Relational Graph Transformer¶
Conference: ICLR 2026 arXiv: 2505.10960 Code: GitHub Area: Graph Learning Keywords: Graph Transformer, Relational Deep Learning, Multi-Element Tokenization, Heterogeneous Temporal Graph, Positional Encoding
TL;DR¶
This paper proposes RelGT, the first graph Transformer specifically designed for relational databases. Through multi-element tokenization (a 5-tuple of feature/type/hop distance/time/local structure encodings) and a local–global hybrid attention mechanism, RelGT consistently outperforms GNN baselines across all 21 tasks in the RelBench benchmark, with improvements of up to 18%.
Background & Motivation¶
Enterprise data (financial transactions, e-commerce records, healthcare, etc.) is predominantly stored in relational databases. Relational Deep Learning (RDL) converts multi-table data into heterogeneous temporal graphs (Relational Entity Graphs, REGs) and applies GNNs to learn representations. However, GNNs exhibit inherent limitations:
Insufficient structural expressiveness: Message passing fails to capture complex structural patterns, e.g., two transactions that are both 2-hop neighbors are only indirectly connected via a shared customer.
Limited long-range dependency modeling: In a 2-layer GNN, product nodes can never directly interact (requiring 4 hops: transaction → customer → transaction → product).
Existing graph Transformers are ill-suited for REGs: - Traditional positional encodings (Laplacian PE, node2vec) do not generalize to large-scale heterogeneous graphs. - They lack the ability to model temporal dynamics and schema constraints. - Existing tokenization schemes discard critical structural information.
Method¶
Overall Architecture¶
RelGT comprises two core components:
- Multi-Element Tokenization (§3.1): Each node in the REG is decomposed into 5 element encodings that are then concatenated.

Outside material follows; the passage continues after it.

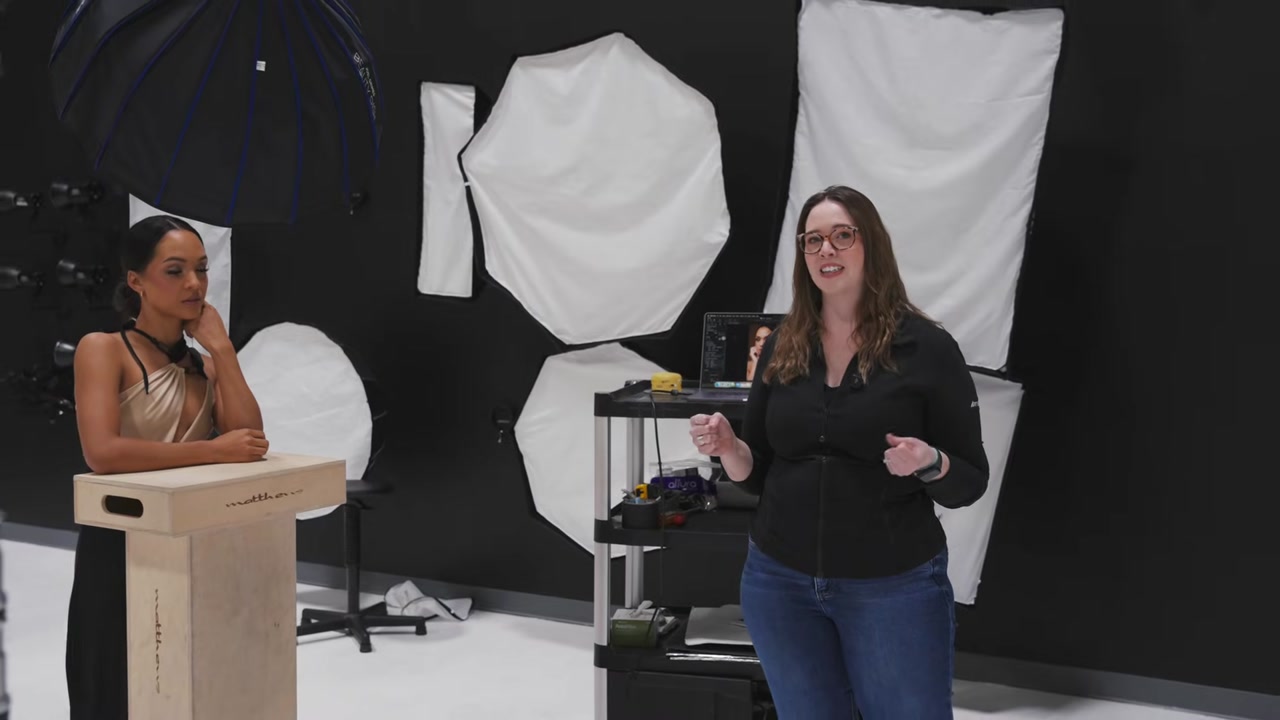 Studio overview with multiple softboxes and modifiers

- Hybrid Transformer Network (§3.2): Local attention + global centroid attention.
Pipeline: seed node → temporally-aware sampling of \(K\) neighbors → 5-element tokenization → local Transformer → global centroid attention → prediction head.
Key Designs¶
Multi-Element Tokenization (5-Tuple Representation)¶
Each sampled node \(v_j\) is represented as a 5-tuple \((x_{v_j}, \phi(v_j), p(v_i, v_j), \tau(v_j) - \tau(v_i), \text{GNN-PE}_{v_j})\):
- Node features \(x_{v_j}\): A multi-modal encoder processes numerical/categorical/text/image column attributes → \(h_{\text{feat}} \in \mathbb{R}^d\)
- Node type \(\phi(v_j)\): Table-level one-hot → projected via a learnable matrix → \(h_{\text{type}} \in \mathbb{R}^d\)
- Relative hop distance \(p(v_i, v_j)\): Shortest-path hop count from seed to neighbor → one-hot encoding → \(h_{\text{hop}} \in \mathbb{R}^d\)
- Relative time \(\tau(v_j) - \tau(v_i)\): Timestamp difference → linear transformation → \(h_{\text{time}} \in \mathbb{R}^d\)
- Subgraph GNN PE: A lightweight GNN operates on the sampled subgraph with random initial features → \(h_{\text{pe}} \in \mathbb{R}^d\)
Final combination: $\(h_{\text{token}}(v_j) = O \cdot [h_{\text{feat}} \| h_{\text{type}} \| h_{\text{hop}} \| h_{\text{time}} \| h_{\text{pe}}]\)$
where \(O \in \mathbb{R}^{5d \times d}\) is a learnable mixing matrix.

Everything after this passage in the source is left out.